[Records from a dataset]
::::::::

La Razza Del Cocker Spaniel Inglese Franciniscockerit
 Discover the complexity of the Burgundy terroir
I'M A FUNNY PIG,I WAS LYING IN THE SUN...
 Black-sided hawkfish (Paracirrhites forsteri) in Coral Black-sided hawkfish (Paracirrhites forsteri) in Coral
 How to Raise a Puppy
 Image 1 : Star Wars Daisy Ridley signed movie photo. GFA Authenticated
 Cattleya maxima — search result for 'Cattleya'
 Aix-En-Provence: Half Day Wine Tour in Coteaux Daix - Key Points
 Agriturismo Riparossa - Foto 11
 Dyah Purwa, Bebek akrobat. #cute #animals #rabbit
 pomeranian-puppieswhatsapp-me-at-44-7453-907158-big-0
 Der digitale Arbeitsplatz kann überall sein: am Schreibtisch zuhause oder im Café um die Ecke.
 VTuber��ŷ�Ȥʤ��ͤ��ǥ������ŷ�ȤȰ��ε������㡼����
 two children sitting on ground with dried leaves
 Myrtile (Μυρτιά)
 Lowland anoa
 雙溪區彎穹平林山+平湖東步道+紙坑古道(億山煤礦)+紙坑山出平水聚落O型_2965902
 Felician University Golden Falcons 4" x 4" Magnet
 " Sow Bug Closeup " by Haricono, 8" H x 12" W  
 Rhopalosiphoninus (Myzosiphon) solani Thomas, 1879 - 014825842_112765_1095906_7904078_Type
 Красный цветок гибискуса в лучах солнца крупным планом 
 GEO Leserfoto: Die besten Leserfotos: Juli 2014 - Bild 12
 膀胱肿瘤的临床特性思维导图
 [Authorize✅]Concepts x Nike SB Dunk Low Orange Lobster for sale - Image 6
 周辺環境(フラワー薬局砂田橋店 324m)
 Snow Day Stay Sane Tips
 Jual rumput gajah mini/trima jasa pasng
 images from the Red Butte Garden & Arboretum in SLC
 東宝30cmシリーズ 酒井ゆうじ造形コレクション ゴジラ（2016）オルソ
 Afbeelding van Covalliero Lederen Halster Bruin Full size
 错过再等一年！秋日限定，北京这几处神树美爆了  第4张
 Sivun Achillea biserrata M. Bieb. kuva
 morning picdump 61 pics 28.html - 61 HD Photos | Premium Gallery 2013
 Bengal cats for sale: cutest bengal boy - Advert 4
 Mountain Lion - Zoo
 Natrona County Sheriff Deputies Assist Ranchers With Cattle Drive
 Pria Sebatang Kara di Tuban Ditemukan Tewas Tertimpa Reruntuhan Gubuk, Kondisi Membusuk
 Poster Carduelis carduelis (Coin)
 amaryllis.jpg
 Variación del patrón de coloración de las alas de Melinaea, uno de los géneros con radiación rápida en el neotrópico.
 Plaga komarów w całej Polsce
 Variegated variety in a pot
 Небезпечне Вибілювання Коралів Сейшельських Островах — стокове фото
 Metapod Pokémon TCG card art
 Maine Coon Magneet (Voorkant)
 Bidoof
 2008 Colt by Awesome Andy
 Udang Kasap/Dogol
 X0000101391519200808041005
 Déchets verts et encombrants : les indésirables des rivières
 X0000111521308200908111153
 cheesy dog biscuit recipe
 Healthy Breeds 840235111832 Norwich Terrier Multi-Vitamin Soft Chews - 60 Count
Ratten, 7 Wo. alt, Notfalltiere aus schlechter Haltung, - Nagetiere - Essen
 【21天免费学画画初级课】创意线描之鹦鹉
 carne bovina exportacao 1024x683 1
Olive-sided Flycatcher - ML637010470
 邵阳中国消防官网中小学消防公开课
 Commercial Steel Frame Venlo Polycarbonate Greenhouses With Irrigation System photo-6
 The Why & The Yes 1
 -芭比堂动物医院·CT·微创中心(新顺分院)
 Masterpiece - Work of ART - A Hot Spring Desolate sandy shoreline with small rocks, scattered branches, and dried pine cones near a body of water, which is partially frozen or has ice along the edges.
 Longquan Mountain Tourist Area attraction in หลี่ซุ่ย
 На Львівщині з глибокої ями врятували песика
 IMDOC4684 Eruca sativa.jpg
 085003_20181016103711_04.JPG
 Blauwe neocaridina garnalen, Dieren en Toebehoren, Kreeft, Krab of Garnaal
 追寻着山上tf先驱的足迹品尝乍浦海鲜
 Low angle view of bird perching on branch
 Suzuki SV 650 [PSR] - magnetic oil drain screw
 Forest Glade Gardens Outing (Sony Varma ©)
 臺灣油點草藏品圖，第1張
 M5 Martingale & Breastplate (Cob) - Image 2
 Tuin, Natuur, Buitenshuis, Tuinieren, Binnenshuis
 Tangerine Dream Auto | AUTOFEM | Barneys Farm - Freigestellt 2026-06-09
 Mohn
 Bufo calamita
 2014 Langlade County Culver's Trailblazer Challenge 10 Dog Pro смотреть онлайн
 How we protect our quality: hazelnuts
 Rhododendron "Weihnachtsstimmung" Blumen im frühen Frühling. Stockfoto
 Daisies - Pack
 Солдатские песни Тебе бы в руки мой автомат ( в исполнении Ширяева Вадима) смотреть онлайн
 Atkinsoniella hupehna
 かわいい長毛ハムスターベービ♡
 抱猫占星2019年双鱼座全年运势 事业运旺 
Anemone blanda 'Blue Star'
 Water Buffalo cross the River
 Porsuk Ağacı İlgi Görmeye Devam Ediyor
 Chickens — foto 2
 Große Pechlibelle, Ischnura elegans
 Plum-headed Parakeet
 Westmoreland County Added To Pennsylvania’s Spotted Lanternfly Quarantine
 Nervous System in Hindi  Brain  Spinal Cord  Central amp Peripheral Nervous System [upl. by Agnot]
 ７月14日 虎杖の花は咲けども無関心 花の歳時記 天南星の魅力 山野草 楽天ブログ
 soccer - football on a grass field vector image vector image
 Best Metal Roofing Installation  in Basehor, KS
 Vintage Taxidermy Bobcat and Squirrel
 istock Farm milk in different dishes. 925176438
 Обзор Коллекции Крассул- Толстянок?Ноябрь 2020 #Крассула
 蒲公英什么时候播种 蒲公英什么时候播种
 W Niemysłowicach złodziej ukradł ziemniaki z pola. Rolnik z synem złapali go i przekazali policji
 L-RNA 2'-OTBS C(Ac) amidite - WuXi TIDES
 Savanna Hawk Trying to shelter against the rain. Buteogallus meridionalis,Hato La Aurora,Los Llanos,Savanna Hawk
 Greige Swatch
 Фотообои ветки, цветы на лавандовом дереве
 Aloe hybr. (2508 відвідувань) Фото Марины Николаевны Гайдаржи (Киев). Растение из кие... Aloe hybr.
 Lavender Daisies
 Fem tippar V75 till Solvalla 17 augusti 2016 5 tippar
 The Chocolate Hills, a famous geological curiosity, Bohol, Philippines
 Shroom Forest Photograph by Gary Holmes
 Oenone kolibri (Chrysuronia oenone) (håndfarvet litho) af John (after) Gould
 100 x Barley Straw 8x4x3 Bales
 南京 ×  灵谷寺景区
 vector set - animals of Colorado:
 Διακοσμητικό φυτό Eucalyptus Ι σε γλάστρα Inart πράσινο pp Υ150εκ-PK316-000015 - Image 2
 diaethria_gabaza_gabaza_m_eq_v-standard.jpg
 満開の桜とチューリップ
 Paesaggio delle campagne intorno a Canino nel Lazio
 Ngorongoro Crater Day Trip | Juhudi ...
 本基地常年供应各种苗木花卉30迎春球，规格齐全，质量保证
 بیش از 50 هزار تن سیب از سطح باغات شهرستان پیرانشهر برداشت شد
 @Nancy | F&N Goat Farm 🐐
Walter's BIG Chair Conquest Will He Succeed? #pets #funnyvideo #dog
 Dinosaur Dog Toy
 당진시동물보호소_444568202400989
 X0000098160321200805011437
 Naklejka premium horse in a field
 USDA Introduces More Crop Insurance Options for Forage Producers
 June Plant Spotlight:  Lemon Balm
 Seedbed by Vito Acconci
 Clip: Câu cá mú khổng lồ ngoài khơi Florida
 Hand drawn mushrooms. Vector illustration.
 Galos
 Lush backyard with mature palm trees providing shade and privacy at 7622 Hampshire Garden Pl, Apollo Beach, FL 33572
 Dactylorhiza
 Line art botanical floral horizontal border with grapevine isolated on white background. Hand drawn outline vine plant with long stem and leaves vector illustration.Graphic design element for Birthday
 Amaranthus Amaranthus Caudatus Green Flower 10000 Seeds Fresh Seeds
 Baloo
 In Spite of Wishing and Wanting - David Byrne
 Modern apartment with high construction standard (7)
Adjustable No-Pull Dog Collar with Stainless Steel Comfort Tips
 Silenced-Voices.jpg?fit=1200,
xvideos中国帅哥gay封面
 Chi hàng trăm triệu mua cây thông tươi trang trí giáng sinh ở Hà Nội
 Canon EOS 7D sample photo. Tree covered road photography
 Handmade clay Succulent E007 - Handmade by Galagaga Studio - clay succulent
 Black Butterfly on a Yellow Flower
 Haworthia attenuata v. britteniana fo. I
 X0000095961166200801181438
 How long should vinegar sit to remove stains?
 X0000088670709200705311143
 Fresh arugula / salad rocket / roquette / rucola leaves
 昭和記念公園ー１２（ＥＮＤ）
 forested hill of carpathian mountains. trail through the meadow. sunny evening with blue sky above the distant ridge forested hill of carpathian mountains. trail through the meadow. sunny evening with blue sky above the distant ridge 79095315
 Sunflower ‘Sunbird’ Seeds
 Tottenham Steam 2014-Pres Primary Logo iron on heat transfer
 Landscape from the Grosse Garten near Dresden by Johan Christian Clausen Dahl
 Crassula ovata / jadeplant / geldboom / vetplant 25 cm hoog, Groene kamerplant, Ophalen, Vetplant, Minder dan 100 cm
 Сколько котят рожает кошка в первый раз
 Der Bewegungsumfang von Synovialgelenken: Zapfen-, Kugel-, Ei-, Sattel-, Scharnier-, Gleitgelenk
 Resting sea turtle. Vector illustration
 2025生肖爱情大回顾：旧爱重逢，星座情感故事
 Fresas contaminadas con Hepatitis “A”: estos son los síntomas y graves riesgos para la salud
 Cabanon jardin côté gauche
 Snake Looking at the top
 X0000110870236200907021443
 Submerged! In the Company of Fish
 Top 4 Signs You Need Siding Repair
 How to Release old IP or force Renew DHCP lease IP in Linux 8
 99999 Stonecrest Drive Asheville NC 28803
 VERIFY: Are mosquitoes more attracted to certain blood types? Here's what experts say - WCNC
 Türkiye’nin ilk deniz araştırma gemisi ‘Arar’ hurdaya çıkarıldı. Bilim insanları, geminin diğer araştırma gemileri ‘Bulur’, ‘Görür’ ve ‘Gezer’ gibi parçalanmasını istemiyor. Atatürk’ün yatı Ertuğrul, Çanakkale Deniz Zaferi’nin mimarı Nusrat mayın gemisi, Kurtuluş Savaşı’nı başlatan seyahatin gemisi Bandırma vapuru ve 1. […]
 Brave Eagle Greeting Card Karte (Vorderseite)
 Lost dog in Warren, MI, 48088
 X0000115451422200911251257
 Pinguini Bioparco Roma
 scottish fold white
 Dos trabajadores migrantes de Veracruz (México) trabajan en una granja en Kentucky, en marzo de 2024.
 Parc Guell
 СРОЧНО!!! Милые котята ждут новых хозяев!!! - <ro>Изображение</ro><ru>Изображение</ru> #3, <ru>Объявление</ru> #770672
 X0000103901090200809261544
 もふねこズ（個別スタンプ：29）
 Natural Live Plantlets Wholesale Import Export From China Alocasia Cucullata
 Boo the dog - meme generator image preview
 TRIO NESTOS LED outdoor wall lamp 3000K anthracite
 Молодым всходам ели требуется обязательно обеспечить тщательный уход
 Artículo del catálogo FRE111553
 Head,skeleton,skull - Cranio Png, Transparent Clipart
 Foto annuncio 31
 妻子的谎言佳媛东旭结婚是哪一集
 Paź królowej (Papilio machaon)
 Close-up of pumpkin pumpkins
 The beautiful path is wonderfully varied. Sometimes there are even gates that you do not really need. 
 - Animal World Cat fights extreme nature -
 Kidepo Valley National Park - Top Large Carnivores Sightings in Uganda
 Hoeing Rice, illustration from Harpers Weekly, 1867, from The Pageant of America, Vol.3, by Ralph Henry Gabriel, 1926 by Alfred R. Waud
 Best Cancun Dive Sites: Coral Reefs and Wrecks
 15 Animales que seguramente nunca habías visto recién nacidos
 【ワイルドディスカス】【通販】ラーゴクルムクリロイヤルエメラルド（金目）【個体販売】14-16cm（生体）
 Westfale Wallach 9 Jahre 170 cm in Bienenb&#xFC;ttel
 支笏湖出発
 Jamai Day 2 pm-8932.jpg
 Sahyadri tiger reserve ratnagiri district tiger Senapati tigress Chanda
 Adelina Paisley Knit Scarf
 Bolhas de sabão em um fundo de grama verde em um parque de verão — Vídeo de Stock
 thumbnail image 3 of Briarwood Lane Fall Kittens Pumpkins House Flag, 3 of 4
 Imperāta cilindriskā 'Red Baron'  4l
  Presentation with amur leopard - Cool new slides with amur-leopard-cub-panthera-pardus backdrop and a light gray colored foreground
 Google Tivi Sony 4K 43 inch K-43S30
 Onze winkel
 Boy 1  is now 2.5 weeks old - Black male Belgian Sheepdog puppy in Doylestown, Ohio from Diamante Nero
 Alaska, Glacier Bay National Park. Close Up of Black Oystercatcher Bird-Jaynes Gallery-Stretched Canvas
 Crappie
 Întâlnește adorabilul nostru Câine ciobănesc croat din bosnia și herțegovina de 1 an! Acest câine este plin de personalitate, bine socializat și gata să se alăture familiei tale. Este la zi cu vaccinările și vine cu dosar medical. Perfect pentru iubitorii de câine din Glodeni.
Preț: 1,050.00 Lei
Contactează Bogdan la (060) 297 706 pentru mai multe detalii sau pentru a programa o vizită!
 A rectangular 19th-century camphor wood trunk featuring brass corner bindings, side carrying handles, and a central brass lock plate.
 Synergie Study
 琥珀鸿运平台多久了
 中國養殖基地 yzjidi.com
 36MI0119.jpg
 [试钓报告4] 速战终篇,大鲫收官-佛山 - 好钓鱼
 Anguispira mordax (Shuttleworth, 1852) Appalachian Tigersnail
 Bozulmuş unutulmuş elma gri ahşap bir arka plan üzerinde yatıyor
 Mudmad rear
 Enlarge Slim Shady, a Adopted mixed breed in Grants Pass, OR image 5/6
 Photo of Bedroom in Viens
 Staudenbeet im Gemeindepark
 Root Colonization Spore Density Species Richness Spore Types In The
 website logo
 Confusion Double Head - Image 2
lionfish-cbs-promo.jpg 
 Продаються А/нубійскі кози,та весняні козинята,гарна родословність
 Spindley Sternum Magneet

::::::::

*Aim of the exercise*.
Exact reproduction is required: output the lines from the start of the entries above through the line with "How to Raise a Puppy".

*Your response*.
La Razza Del Cocker Spaniel Inglese Franciniscockerit
 Discover the complexity of the Burgundy terroir
I'M A FUNNY PIG,I WAS LYING IN THE SUN...
 Black-sided hawkfish (Paracirrhites forsteri) in Coral Black-sided hawkfish (Paracirrhites forsteri) in Coral
 How to Raise a Puppy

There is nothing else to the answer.